In common with many guidelines producers, the WHO uses the GRADE methods to assess the quality of a body of evidence (24). This addresses a key aspect of the review findings: how confident are we that our estimate of the effectiveness of a given intervention lies close to the actual effect? This is crucially important if we are not to place undue emphasis on the direction or magnitude of any reported effect without any consideration of the extent to which we can be confident that this accurately reflects the true effect. The GRADE system differs from other quality-grading systems in a number of key areas:

Grading of the quality of a body of evidence is ordered by outcome rather than by study. This is much more meaningful to most readers of reviews who are primarily interested not in the underlying studies but in what they are collectively able to say about the effect on the preferred outcomes (e.g., survival, symptom control, etc.).
Grading is not wholly determined by the nature of the study. In other systems, quality is rigidly determined by this, but using GRADE it is possible both to downgrade the quality rating from RCTs in particular circumstances but also to upgrade evidence from observational studies.
Grading decisions are transparent, so that the reader can independently judge whether they are justified.
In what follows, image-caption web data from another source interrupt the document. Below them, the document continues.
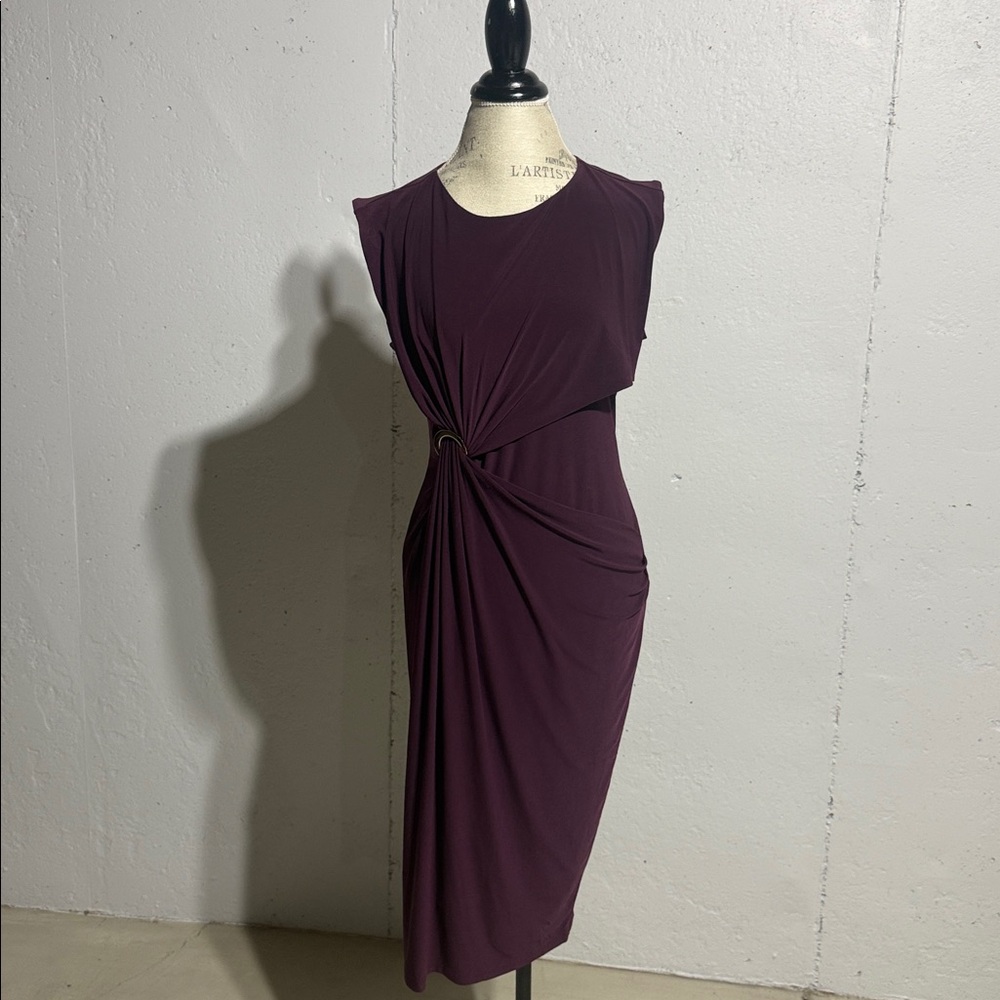 Nina Leonard Asymmetrical Dress in Deep Purple - Picture 12 of 14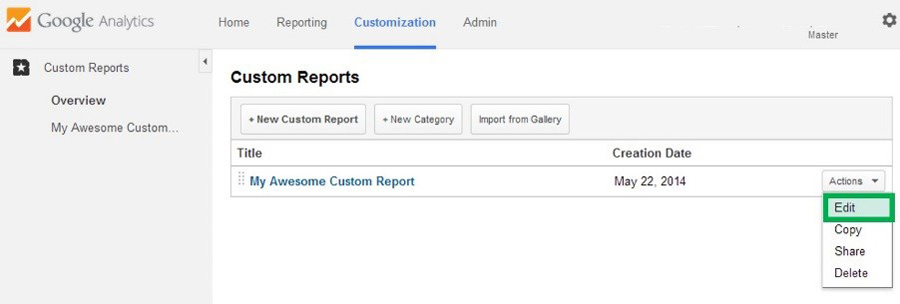 Edit Report In Overview Edit Report In Overview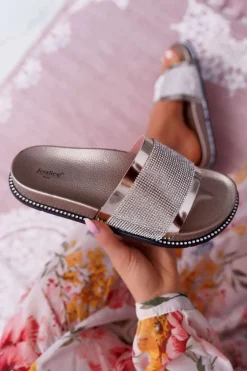 Damskie Boto Klapki Damskie Profilowane Z Cyrkoniami Złote Rentre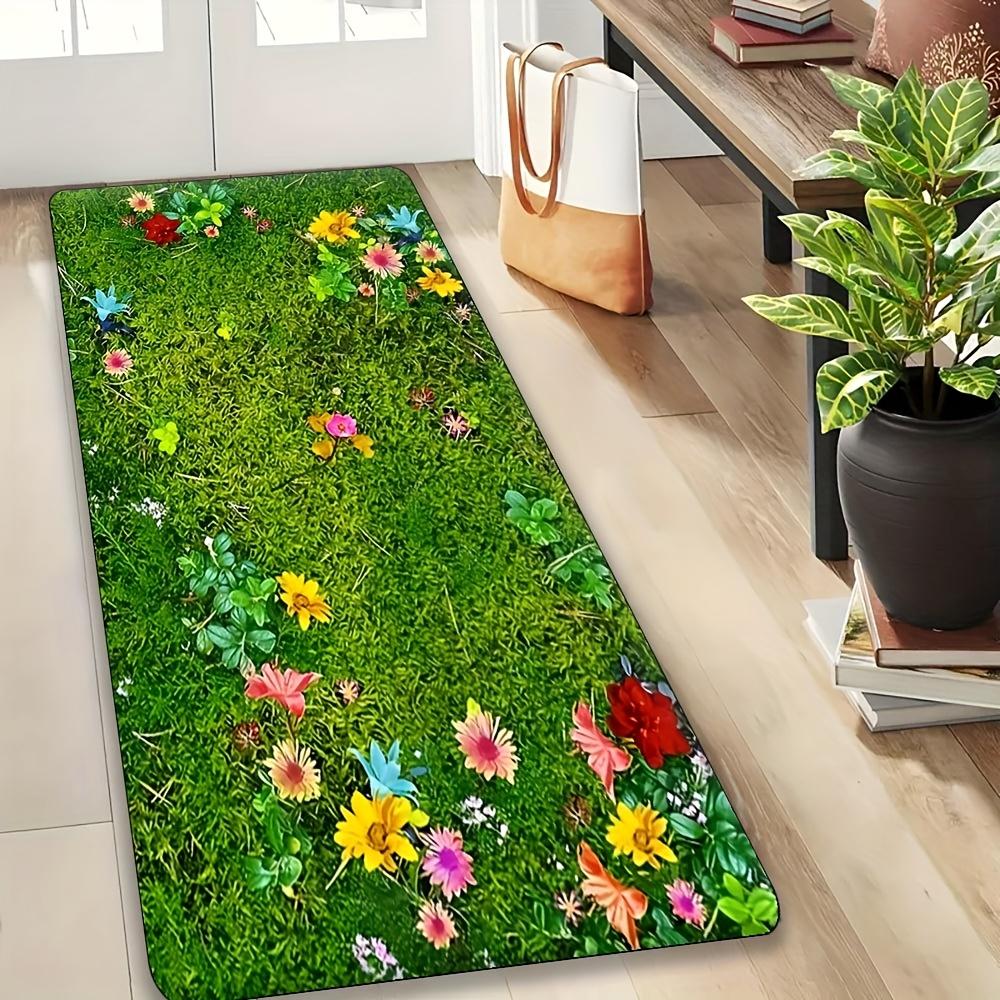 Moss Green Floral Door Mat Multicolor Flowers Soft Non-Slip Washable Kitchen Rug Bedroom Entrance Home Decor Floor Mat 1PC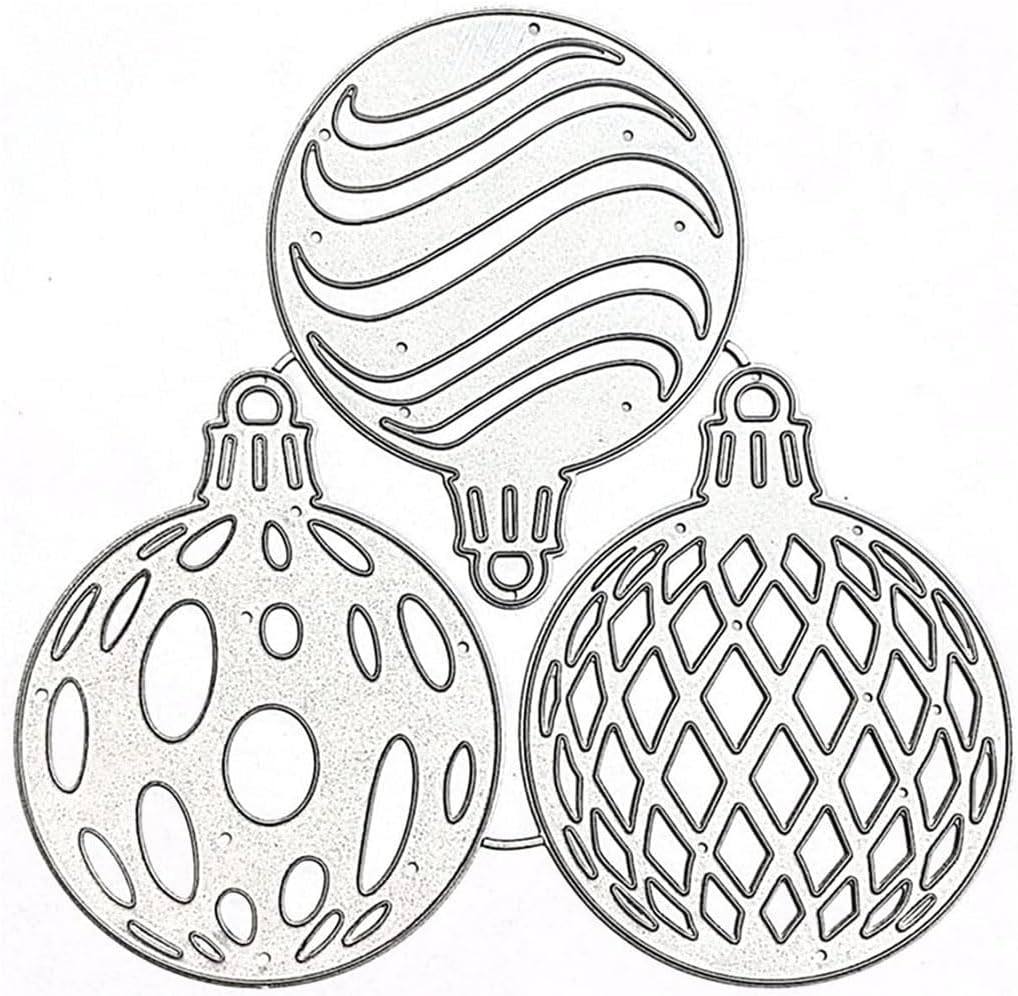 Mvchifay Cutting Dies for Card Making Metal Die-Cuts Scrapbooking Tool Hollow Frame DIY Craft Punch Template Embossing for Paper Album Decor(3 Christmas Balls-12x12cm)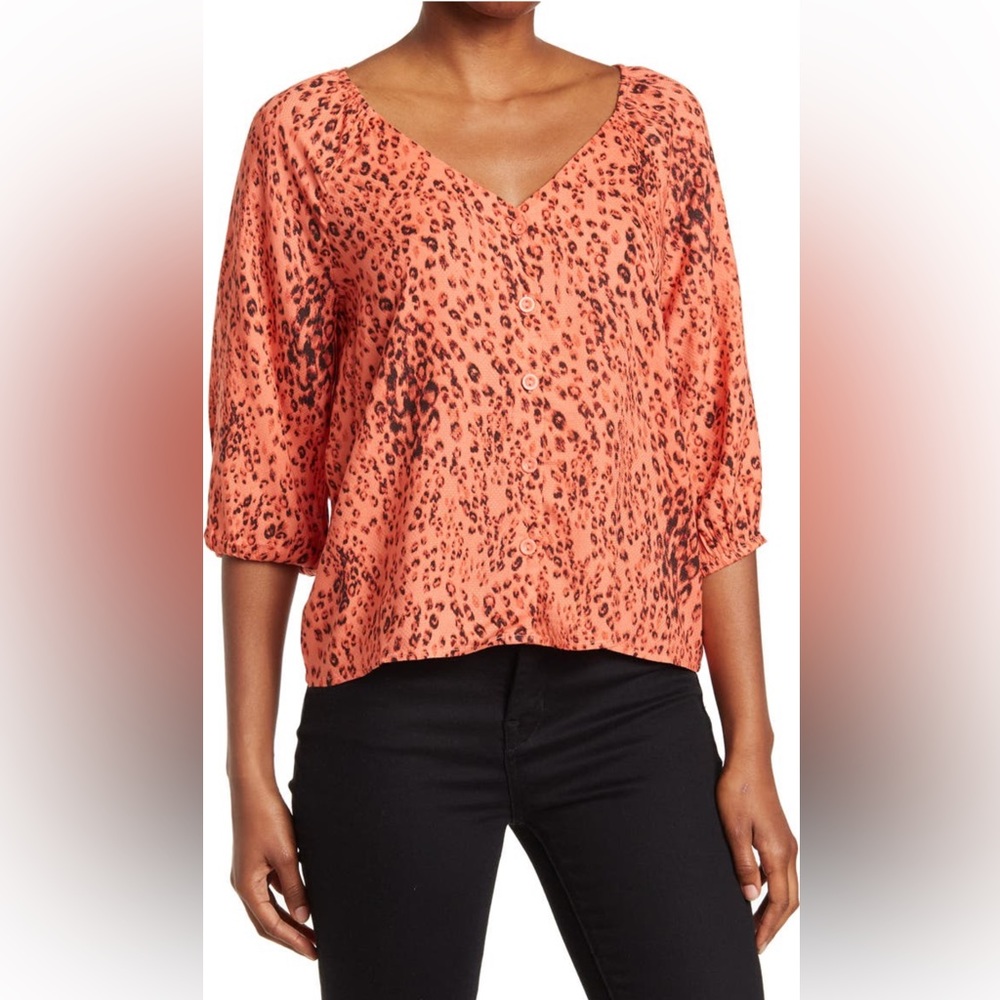 Sanctuary Mila Orange Leopard Patterned 3/4 Sleeve Top - Medium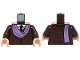 Part No: 973pb5770c01  Name: Torso Robe over White Shirt, Black Tie, Medium Lavender Turban Pattern / Dark Brown Arms / Light Nougat Hands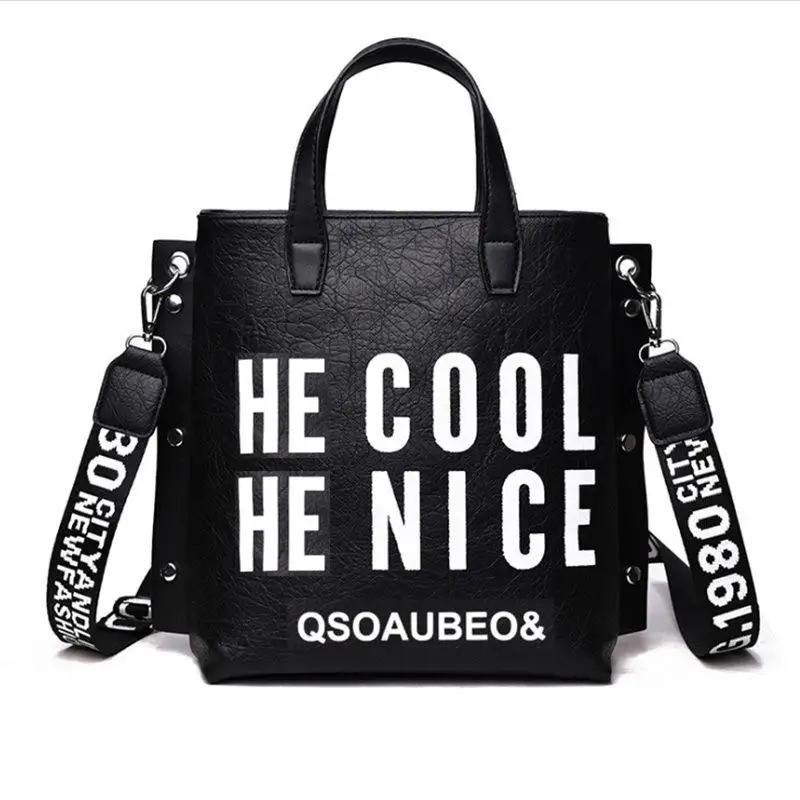 

Vintage Letter Print Women Large Capacity Totes Designer Handbags Luxury Pu Leather Shoulder Crossbody Bags Lady Big Purses 2019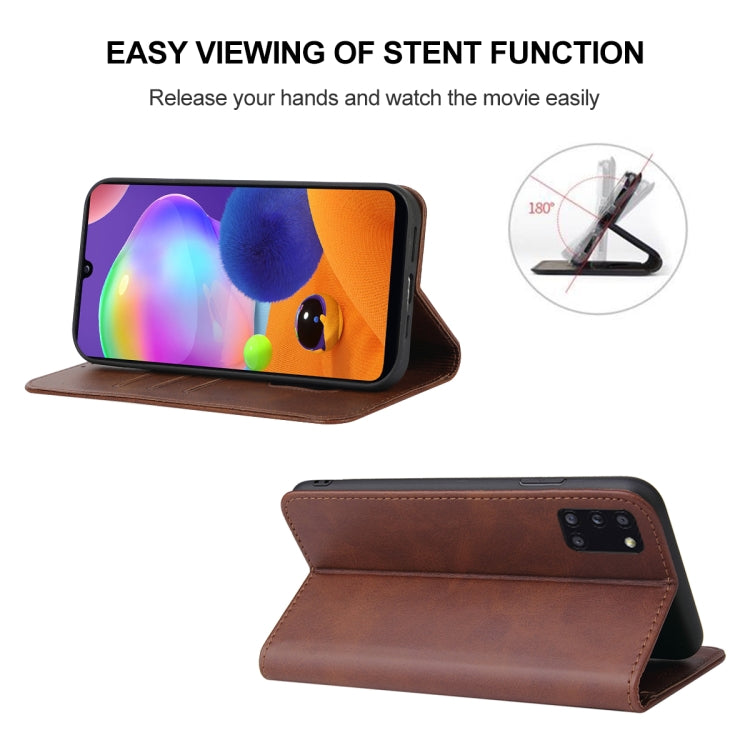 For Samsung Galaxy A31 Magnetic Closure Leather Phone Case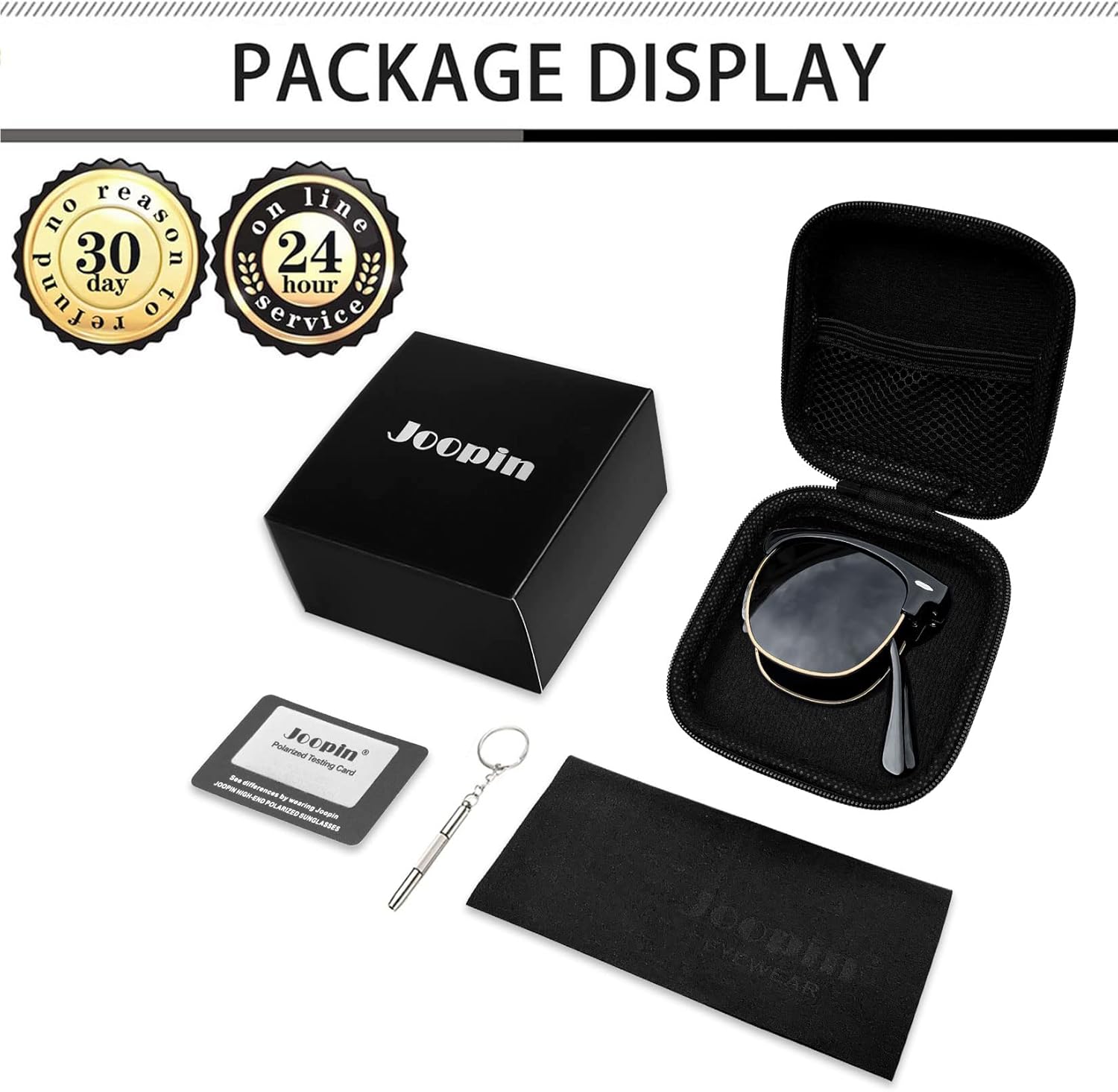 Joopin Polarized Semi Rimless Sunglasses Men Women, Classic Half Frame Sun Glasses UV Protection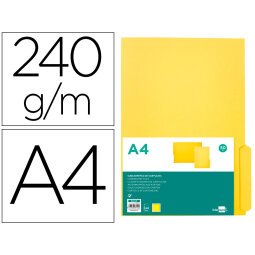 Subcarpeta cartulina liderpapel a4 pestaña inferior 240g/m2 color amarillo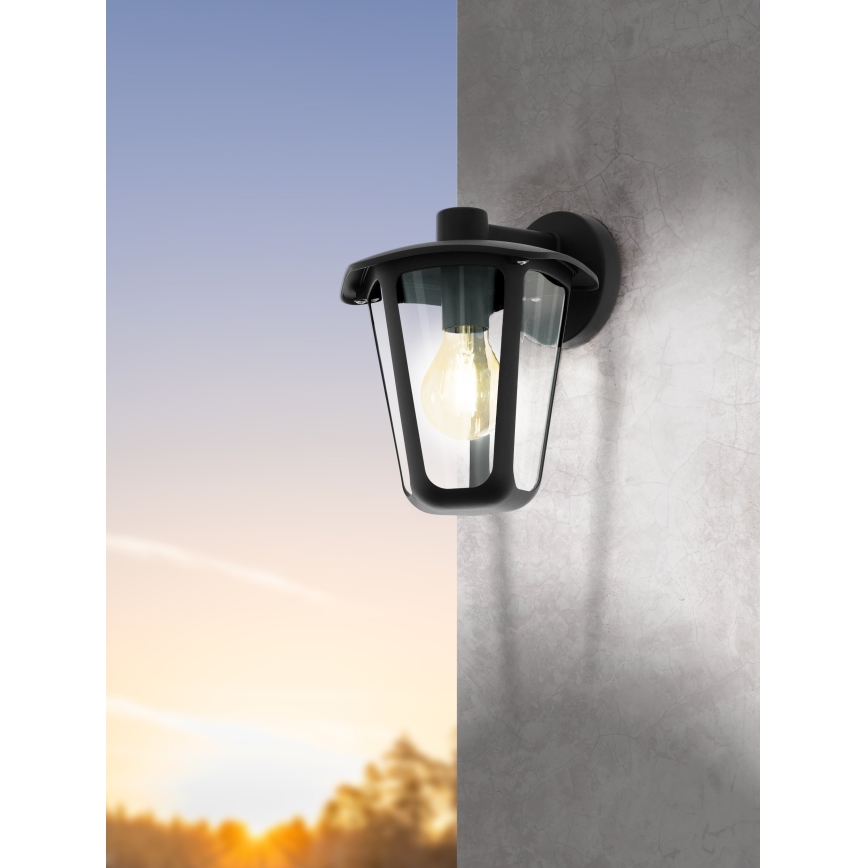 Eglo - Āra sienas gaismeklis 1xE27/60W/230V melns IP44
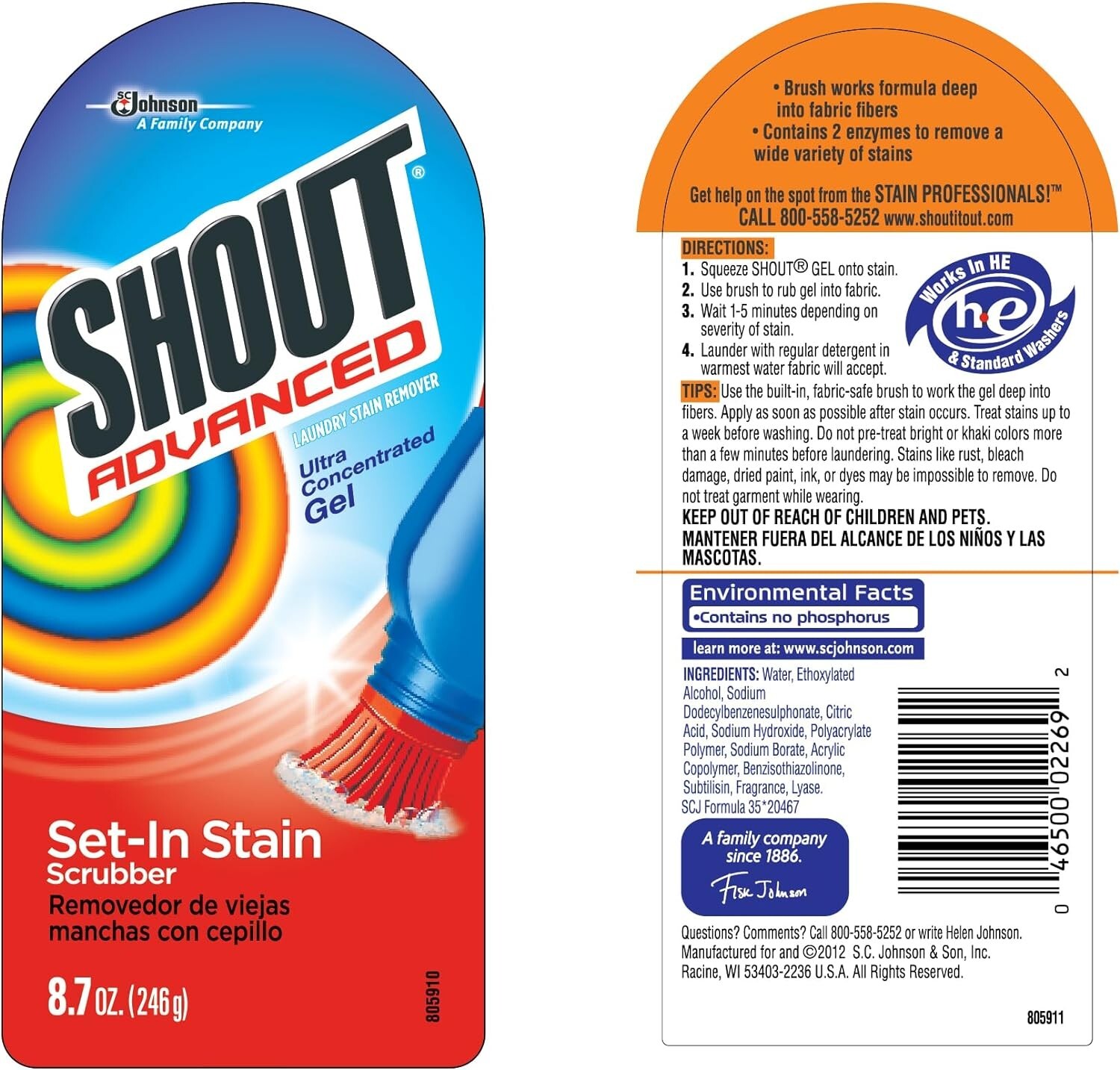 Stain Remover Brush, Ultra Concentrated Gel with Built-In Scrubbe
The GRADE approach provides 4 easily understandable ratings: high, moderate, low, and very low. High-quality evidence indicates that the review authors are very confident that the true effect estimate lies close to the estimated treatment effect. For moderate, low, and very low quality evidence, this confidence is reduced incrementally and the likelihood that the two are substantially different increases.

Randomized studies start with a high grading but can be downgraded if the studies that reported on the outcome in question had a high risk of bias (internal validity), indirectness, inconsistency of results, or imprecision, or where there is evidence of reporting bias. Indirectness, sometimes referred to as a measure of external validity, may relate to different populations; the nature, dose, or route of administration of the intervention or comparison; or the outcomes of interest. For each question, or comparison, no more than 7 outcomes are prespecified, and for each of these an assessment of the quality of evidence is made, alongside the results of the review. These can be presented as a summary of findings table or evidence profile. The GRADE working group has recently published a series of articles in the Journal of Clinical Epidemiology that provide a more detailed description of the GRADE methods (22).

What Have We Learned during the Process and How Could This Inform Future Work?

This work has provided us with many opportunities for learning and reflection. The process starts with identification of the questions of interest: the PICO criteria. In our experience, the panel of experts drew up a list of PICOs that exceeded the expectations, and differed somewhat in nature, from those identified by the systematic reviewers. Both sides can learn from this, but it was clear that as the populations of interest, interventions, and comparisons became more granular, the likelihood of finding definitive evidence to guide recommendations was reduced. Two other aspects of the question setting included the nature of nutrition interventions, which clearly differ from other health care interventions in some respects, as well as the issue of non-clinical outcomes. In all of the reviews and guidelines in the program, recommendations were often based on laboratory measurements, and evidence on mortality and morbidity outcomes was frequently sparse.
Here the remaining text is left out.